One way to judge the importance of the states with primary races is to consider how many electoral college votes are in play. West Virginia has 5, Kentucky has 8, and Oregon has 7. They are not likely to be critical to the outcome in November. West Virginia and Kentucky voted for Bush in 2004 and Oregon fell over the line for Kerry. These states and their voters are in the spotlight now because they are holding primaries. Based on 2004 experience, there is a good chance that will vote Republican.

Michigan and Florida may will be critical. Both were won by small margins in 2004. Michigan has 17 electoral votes and Florida 27. Just how and why the Democratic primaries were stuffed up in these states I do not really know, but if the rules are changed to suit one candidate over another, I would predict a very fractious and disharmonious Convention, with a negative effect on the candidate and the party. The political reality is that the electoral system will not be changed.

So what is Clinton proving to anybody by staying in the race, at some cost to herself? On the face of it she and her team must believe that they can win. Her husband was only successful in 1992 because Ross Perrot was in the race and gained almost 20% of the vote, that otherwise would have gone to the Bush’s father.

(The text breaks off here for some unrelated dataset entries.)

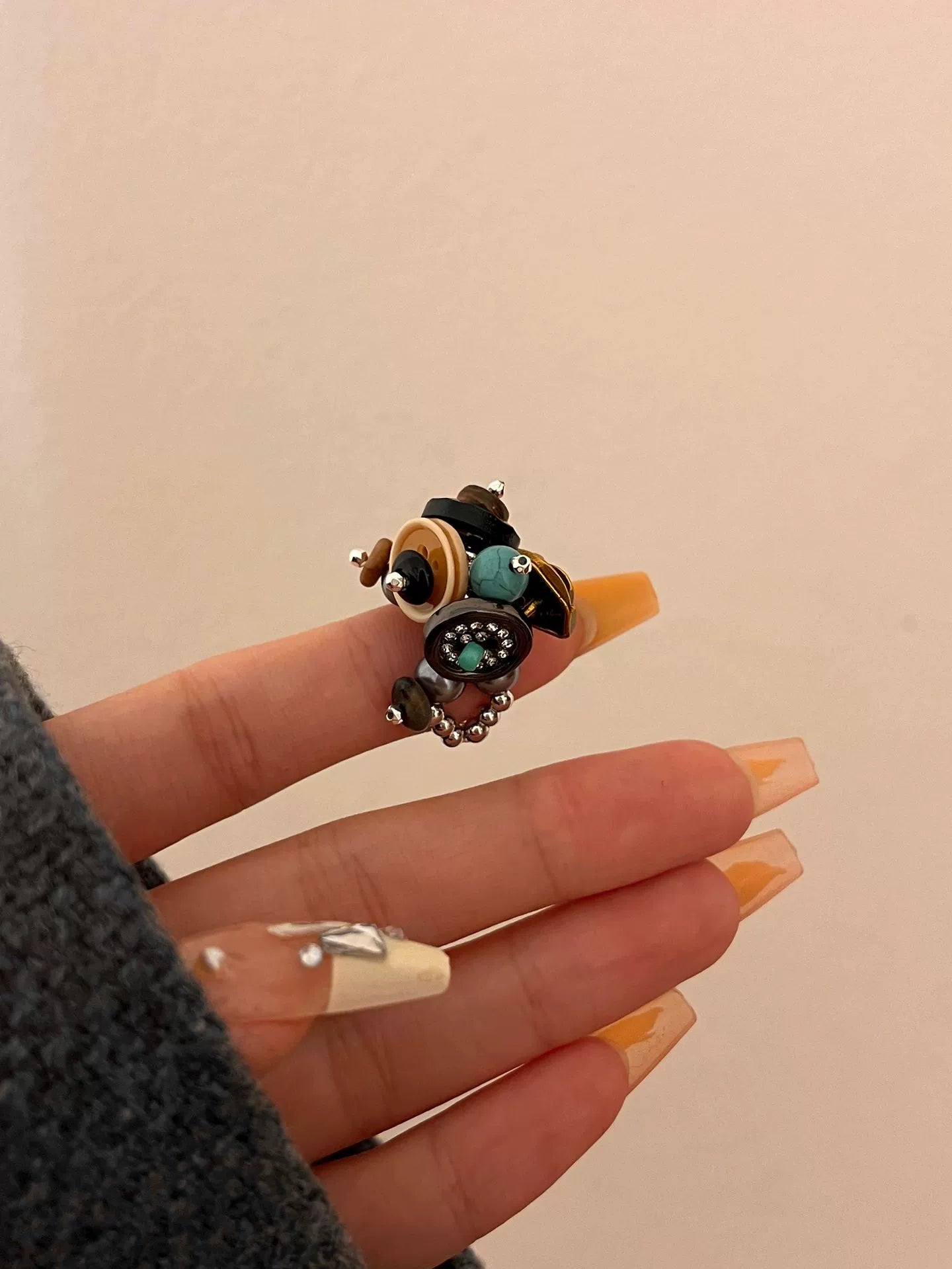 Koralee Beaded Shell Ring Bracelet - Style E [DEZ1H3KU]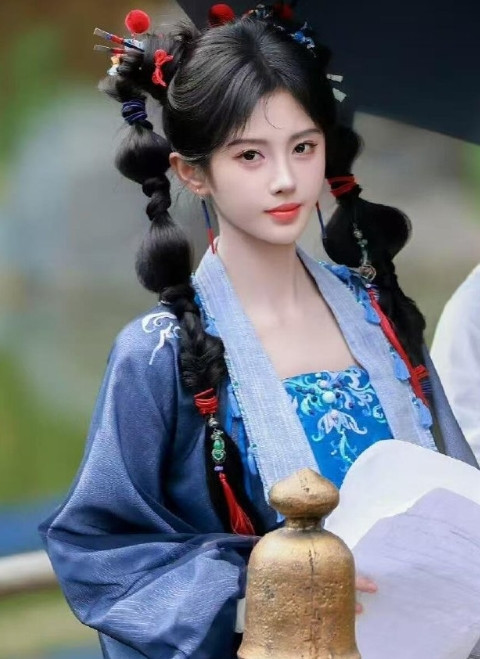 不是？当她的站姐可以这么轻松，小鞠这生图直出都没问题啊，这个路透也好可爱像个洋娃
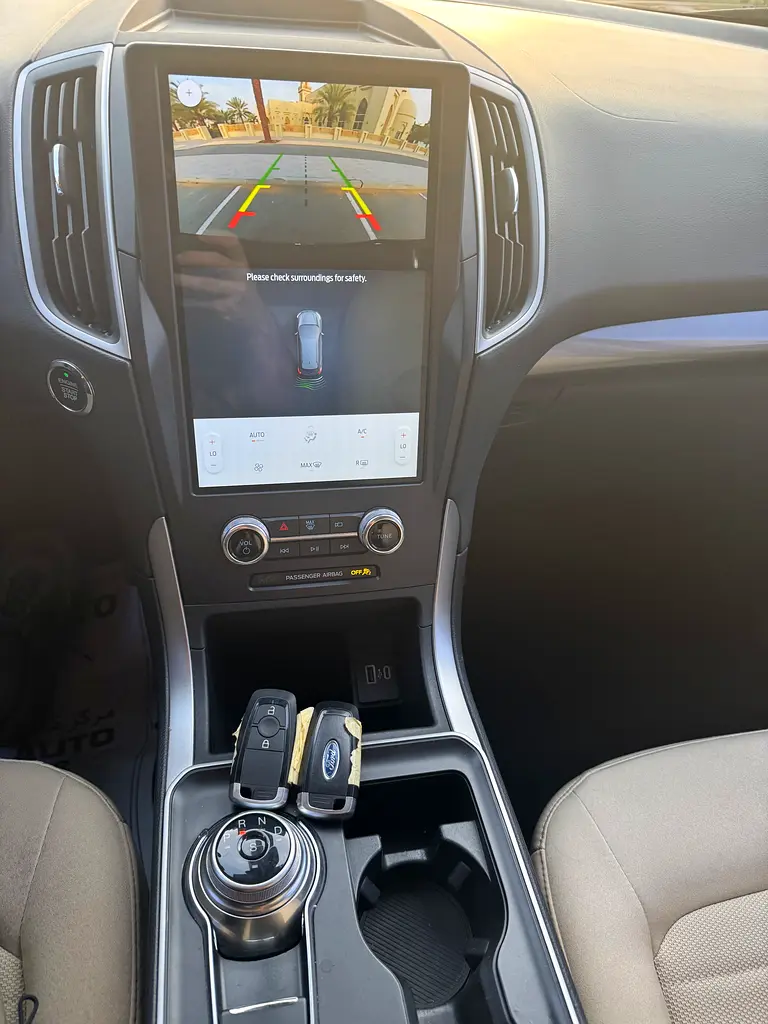 Ford Edge 2022 GCC FSH UNDER WARRANTY - Image 13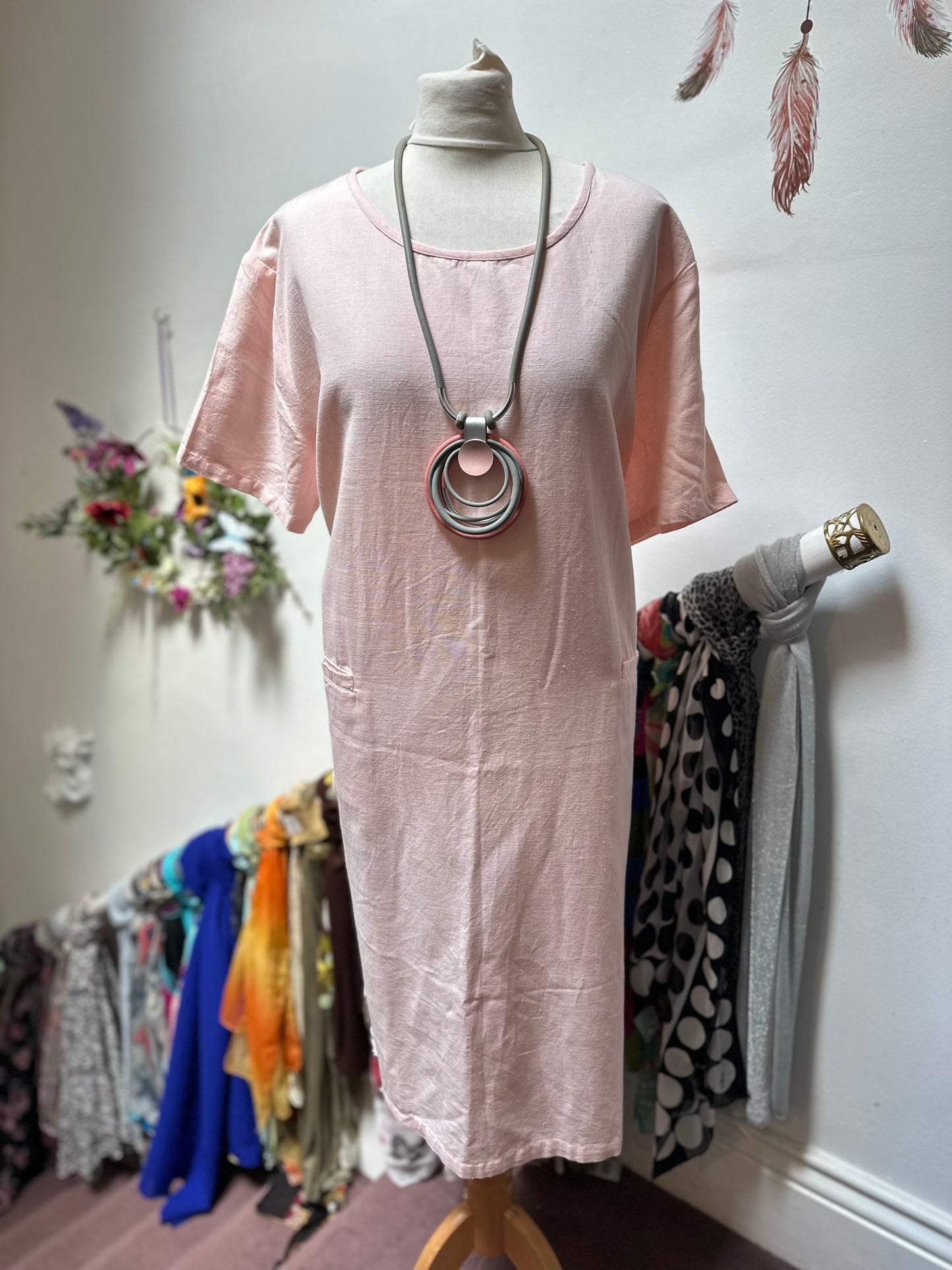 Designer Alice Collins with Pockets Linen/Cotton Blend
Size 18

My expectation is that the so-called race issue will be a side show freak event in the main show, and it will not really be decisive. The critical issue will be the economy, with the Iraq war as the secondary top of the mind issue. The fact that Clinton can swill whiskey, threaten Iran with obliteration, and attract the Reagan Democrats, would only make sense if she were the Republican candidate.

So at some point she will have to exit, and hopefully retire from the scene permanently. Her best option must be to do so by her own choice. That might be when she starts talking to some people in Kentucky and find they do not speak English.

UPDATE:

Truthdig reports that John Edwards has endorsed Obama. Clinton is not getting the endorsements she needs. Her campaign is terminal.

DHinMi at Daily Kos compares dominant voting patters for Obama and Clinton concluding:

In the meantime, it would be great if pundits and politicos would recognize and acknowledge that race doesn’t appear to have been much of a hindrance for Obama in the Democratic primaries, except, it appears, in Appalachia and in some regions where descendants of Appalachian migrants settled, such as the Ozarks, Oklahoma, and some isolated rural communities on the Plains. Obama doesn’t appear to have much of a problem with white voters[Euro-Americans]. But it seems quite likely Appalachia has a bit of an Obama problem.


Robert Reich
suggests reasons for Clinton to stay on, but sees Clinton fast approaching the point of no return on each of the grounds he suggests: she can win, the superdelegates will switch, and she can make a deal (via Tim Dunlop at Blogocracy).

Let me suggest that the Clinton campaign has considerably helped Obama. She has fired the Republican/McCain ammunition and while she wounded Obama it has not been fatal. These peripheral matters, such as race, will I am expecting be seen now as irrelevant to the major concerns of climate change, the economy and the war. Since elections are after all part of the process of democratic discussion and debate, in which policy debate is a more important process than trivial discussion, the electoral process has been considerably improved by the clearing of the air made possible by Clinton’s campaign.